Regie

Hoewel het afgelopen half jaar waarschijnlijk het vreemdste half jaar was dat velen van ons zich kunnen herinneren, lijken de gevolgen voor de bouw en de afbouw vooralsnog mee te vallen. Ik hoor de leden van de NOA eigenlijk alleen maar zeggen hoe druk ze het hebben. Gelukkig maar. Maar als we de blik wat verder vooruit richten dan ontwaar ik toch wat donkere wolken aan de horizon. De werkloosheid loopt hard op, de kantorenmarkt krijgt de eerste klappen, mensen en bedrijven stellen uitgaven uit: stuk voor stuk voortekenen van een mindere tijd. Niet voor niets schaart ook NOA zich achter de Woningbouwalliantie; een breed verbond van 24 brancheverenigingen die onze regering oproept om ‘ons uit de crisis te investeren’. Vooral op het gebied van woningbouw en verduurzaming is een enorme slag te maken waarmee we ons als bouwsector nog jarenlang van voldoende werk kunnen verzekeren.

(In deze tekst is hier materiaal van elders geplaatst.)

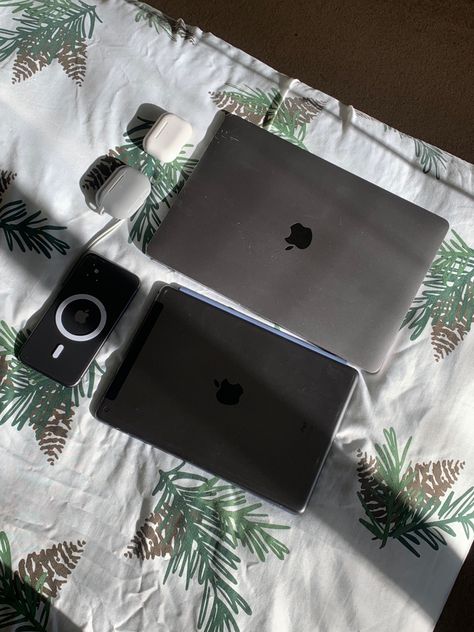 MacBook Pro 2018, iPad 7, iPhone 11, AirPods Pro 2 & AirPods Pro 1 Black Apple Products, Black Apple, Airpods Pro, Apple Products, Macbook Pro, Macbook, Iphone 11, Ipad, Iphone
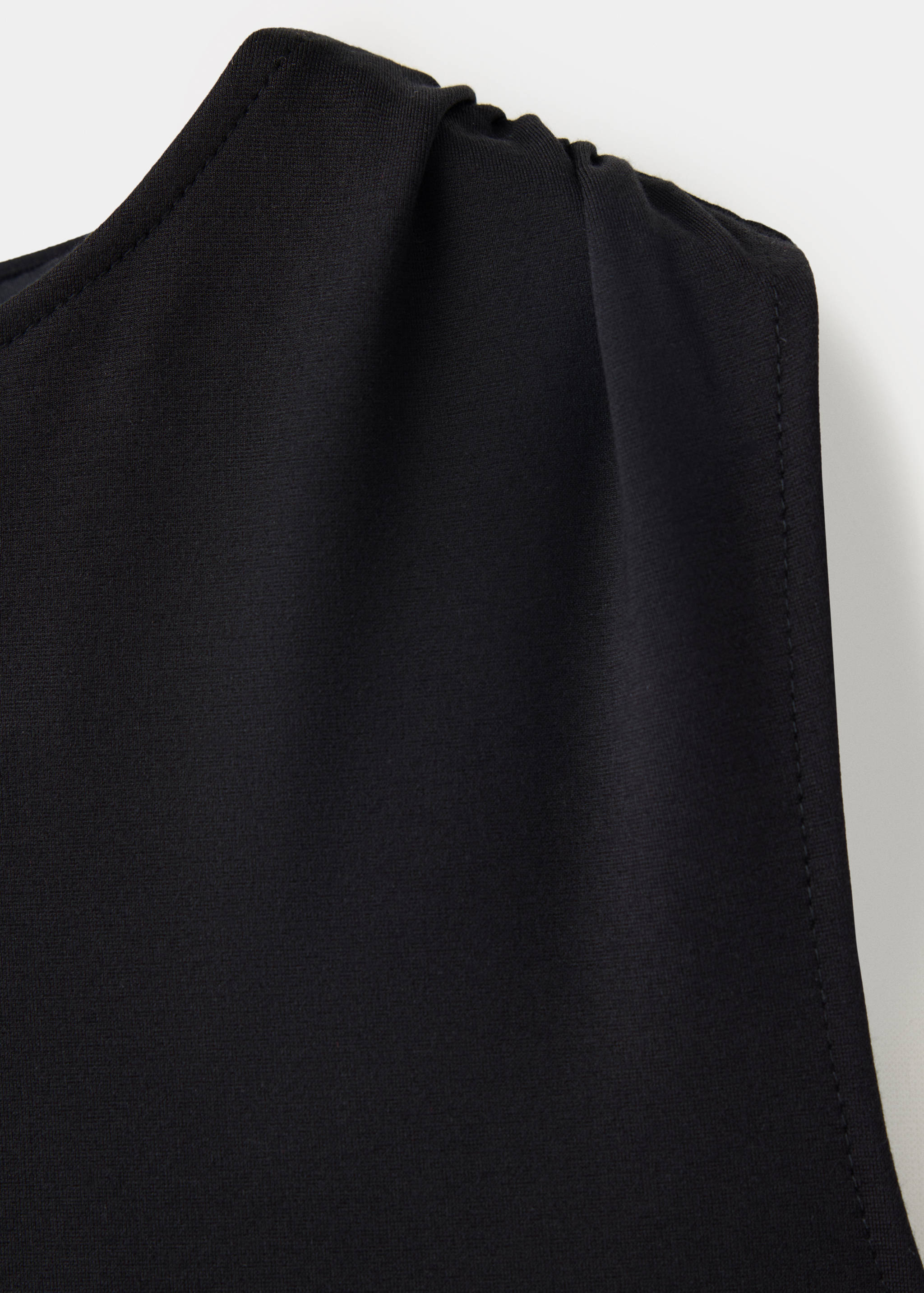 Belted jumpsuit with ruched details - Details of the article 0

Maar dan moet er wel snel wat gebeuren. Want je kunt nog zoveel toezeggingen, beloftes en suggesties doen over hoe we het gigantische woningtekort – van 315.000 woningen voor 661.500 mensen nu, maar oplopend tot meer dan 400.000 over vijf jaar – gaan aanpakken, de praktijk blijkt weerbarstiger. Tegenover de woondeals die minister Ollongren met vijf verschillende regio’s sloot, staan provincies en gemeenten die hun leges maar blijven verhogen waardoor de kosten voor bouwvergunningen enorm stijgen. Bovendien lopen de grondprijzen enorm op omdat diezelfde provincies en gemeenten te traag zijn met het aanwijzen van bouwlocaties. En dan laat ik de voortdurende onzekerheid over stikstof en PFAS nog even buiten beschouwing.

De gigantische bouwopgave en de naderende crisis schreeuwen om regie vanuit de landelijke overheid. Provincies, bij monde van hun gedeputeerden, hebben laten weten niets te zien in de steeds luider wordende roep van wetenschappers en politici in de Kamer om de landelijke overheid weer een grotere rol te geven in de woningbouw. Maar ik sluit me aan bij die wetenschappers en die Tweede Kamerleden: een volgend kabinet doet er verstandig aan om het in 2010 opgeheven ministerie van VROM weer in ere te herstellen. Volkshuisvesting, Ruimtelijke Ordening en Milieu (of Klimaat) verdienen een toegewijde eigen minister. Nu doen de drie ministeries – waar het ministerie van VROM in 2010 in opging –  het er maar een beetje bij en dat kan desastreuze gevolgen hebben.